CARRIE : [voiceover] Fred aimait être avec Samantha. Mais au fond de lui, il ne lui a jamais pardonné de lui avoir fait trahir son véritable amour. Il a commencé à voir quelqu’un d’autre, la femme d’un riche banquier.
[Montage. FRED is having sex with RICH BANKER WIFE. Back to restaurant.]
MIRANDA : [completely lost] Alors, il couche avec toi et la femme du banquier parce qu’il ne peut pas être avec son véritable amour ? Et la fiancée ?
SAMANTHA : [large sip of cocktail] C’est ça, bébé.
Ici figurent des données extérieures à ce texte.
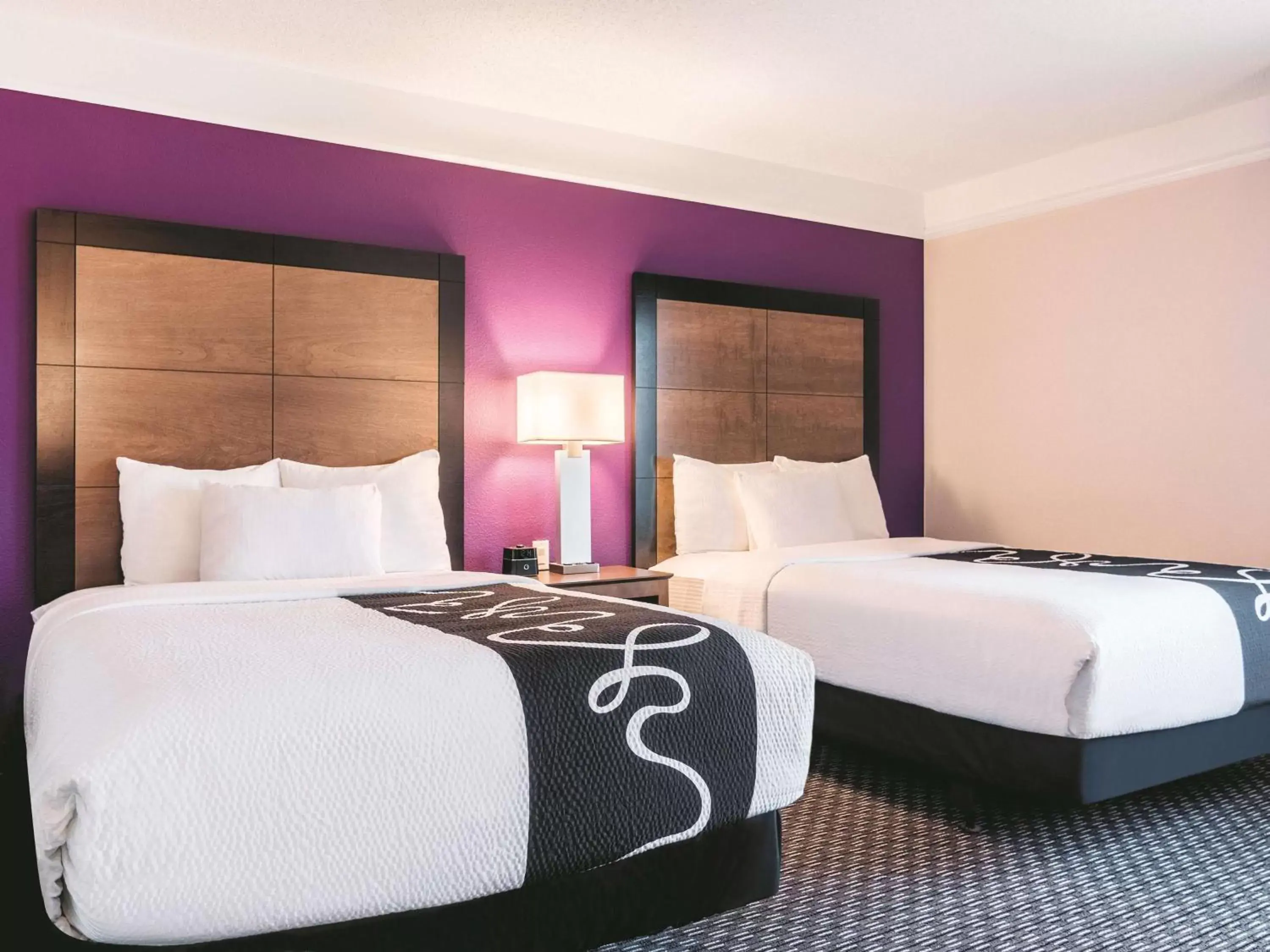 Deluxe Room with Two Double Beds in La Quinta by Wyndham Shreveport Airport Deluxe Room with Two Double Beds in La Quinta by Wyndham Shreveport Airport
Il pensait que c’était ma faute et la faute de la femme du banquier. Et peut-être aussi de la faute de la fiancée, mais je n’en étais jamais tout à fait sûr. Bien sûr, tout s’est terminé dans les larmes.
[Montage. SEVERAL WOMEN are yelling at FRED, throwing things, etc]
SAMANTHA : [back in restaurant] Votre ami Stanford a dit à Charlotte et moi que nous devrions lire Sentimental Education. Il avait raison. C’est juste étrange. Flaubert est un peu un connard, mais il met la mèche sur la façon dont les hommes pensent quand ils trichent. Ça m’a aidé. [putting an arm around CHARLOTTE] Et d’une manière ou d’une autre, Charlotte et moi sommes devenus amis. Désolé bébé. [She drains her glass. CHARLOTTE drains hers and hugs her back. There are tears in her eyes.]
CARRIE : [voiceover] Je te jure, je serais devenue lesbienne si je n’aimais pas autant la bite. Et j’aurais aimé lire Flaubert plus tôt.